Xu Fei, também conhecido como Senhor Chu, entrou nesse cenário montando um triciclo, vindo do mundo exterior. Vestia uma camisa de manga comprida acinzentada e sapatos pretos de tecido, segurando um grande alto-falante de segunda mão, daqueles usados para vender roupas, e de tempos em tempos gritava:

— Compro móveis antigos, porcelanas, selos de jade, objetos de bambu e madeira, tesouros de escritório!

Só para conseguir entoar esse chamado, Xu Fei treinara secretamente por duas horas, até que sua voz finalmente não soava como um novato. Para um observador externo, talvez parecesse um tanto miserável, mas ele divertia-se muito com aquilo. Como era divertido! Nos becos dos anos oitenta, até o ar parecia acinzentado; coletar antiguidades em seu triciclo, sem pressão alguma, era um deleite relaxado — quantos poderiam desfrutar de tal experiência?

— Compro móveis antigos, porcelanas, selos de jade, objetos de bambu e bronze, tesouros de escritório! — Xu Fei pedalava lentamente, as rodas girando devagar. Algumas donas de casa olharam pela porta e logo voltaram para dentro. Ao passar por um grande portão, uma senhora lhe chamou:

— Ei, coletor de sucata! Quer um frasco de rapé?

— Quero sim, mas preciso ver a mercadoria primeiro!

Ele pedalou até lá e, ao ver o portão, com suas sete degraus, portas vermelhas e entalhes de pássaros, guardados por leões de pedra, percebeu que ali fora, em outros tempos, uma residência de alto escalão. Mas ao entrar, viu que já se transformara em um cortiço, com pelo menos sete ou oito famílias vivendo ali.

A senhora o conduziu para dentro e lhe mostrou três frascos de rapé. Xu Fei examinou um a um.

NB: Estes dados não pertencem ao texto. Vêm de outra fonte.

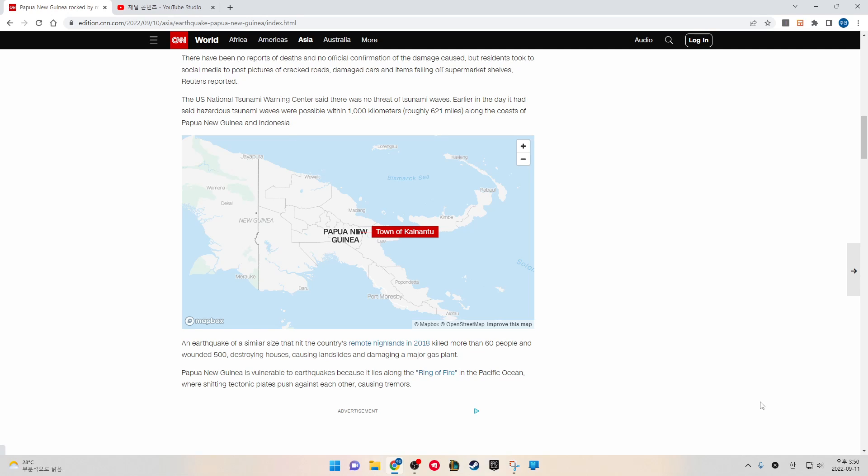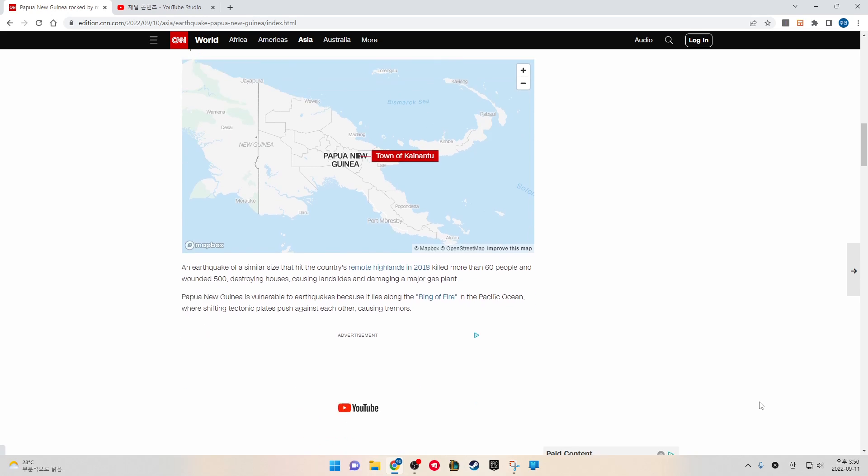Papua New Guinea is vulnerable to earthquakes because it lies along the Ring of Fire in the Pacific Ocean, where shifting tectonic plates push against each other, causing tremors.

O primeiro era esculpido em jade amarela, na forma de uma mão de Buda, brilhante e vívida, com veios claros, parecendo suculento e carnudo. Na parte inferior, folhas esculpidas, junto a uma pequena mão de Buda, tornando o conjunto ainda mais realista.

O segundo era de jade branca, em formato de abóbora, delicado e translúcido, de ótima aparência.

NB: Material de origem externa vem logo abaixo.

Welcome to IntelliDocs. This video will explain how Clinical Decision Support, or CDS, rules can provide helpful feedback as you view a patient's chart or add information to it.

Quanto ao terceiro, Xu Fei ficou animado. Não entendia os termos técnicos, mas viu que era azul, e que havia uma pintura no meio: dois corpos nus, em plena intimidade. A mulher, provocante, deitada de lado, com uma perna erguida; o homem, com trança, colado atrás dela em movimento...

— Puxa, nem esse modo eu experimentei!

— Ora, senhora, isso aqui é um objeto obsceno, como pode guardar isso?

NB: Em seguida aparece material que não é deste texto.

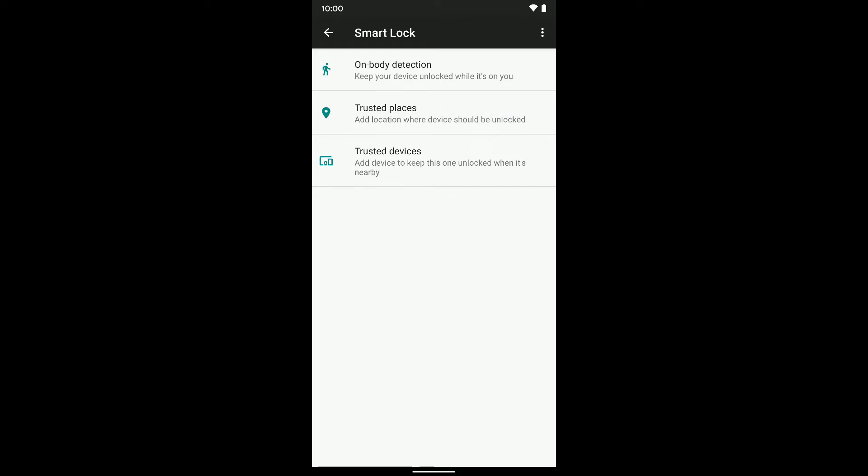Then there's Trusted Places where you can add a location where the device should be unlocked. You can add your home address as a trusted location so when you're at home and the phone's in the house or in that surrounding area, it will not lock so you won't have the passcode on there.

— Quem não sabe! Meu marido adorava colecionar frascos de rapé. Durante os movimentos políticos, muitos foram confiscados, achei que tinham levado tudo, mas esses dias achei alguns...

A senhora lamentava, apreensiva:

— Aquele velho, como ousava guardar essas coisas? Relíquias feudais, se fosse no ano passado já teria sido preso!

— Nem tanto, hoje em dia tudo está mais aberto, e isso é uma antiguidade, não foi você quem desenhou. Então, diga um preço pelas três peças, compro todas!

— Ah, eu não entendo disso, você decide.

Ela queria se livrar logo das peças, provavelmente sem que o marido soubesse. Hoje em dia ninguém tem consciência de antiguidades, vendem como sucata, quanto maior, mais acham que vale. Um par de cadeiras de mestre, cinquenta; um par de bancos redondos, vinte; um porta-canetas, três...

Xu Fei pensou por um tempo e disse:

— Um yuan por peça, que tal?

— Um yuan? Foram guardadas por tantos anos…

— Então dois, só porque simpatizo com você, não posso pagar mais.

— Está bem, dois então.

A senhora sentiu que havia ganho seis yuan de graça, livrou-se de uma relíquia feudal e ficou radiante. Xu Fei também estava contente, guardou os três frascos e saiu pedalando, sem seguir adiante; voltou pelo beco.

Por quê?

Estava satisfeito, o excesso estraga. Não voltou para casa, mas foi ao Beco da Fábrica de Tábuas, também no lado leste da cidade, não longe do Beco do Gergelim Preto. O edifício mais famoso ali era o Palácio do Príncipe Senggelinqin.

O palácio era composto por três grandes pátios: oriental, central e ocidental. Xu Fei procurava o pátio central, residência do Senhor Zhu Jiaqi.

O bisavô de Zhu Jiaqi chamava-se Zhu Fengbiao, foi um alto funcionário do século XIX, chegando ao cargo de ministro das finanças. Na época republicana, após a morte do bisneto de Senggelinqin, Amur Linggui, devido a dívidas familiares, o palácio foi levado a leilão pelo tribunal local de Pequim. O pátio central, com 51 quartos, foi arrematado pela família Zhu por 10.500 moedas de prata.

Em 1954, a família Zhu vendeu a maioria dos quartos ao Ministério do Carvão, ficando apenas com 16 e meio e um grande pátio.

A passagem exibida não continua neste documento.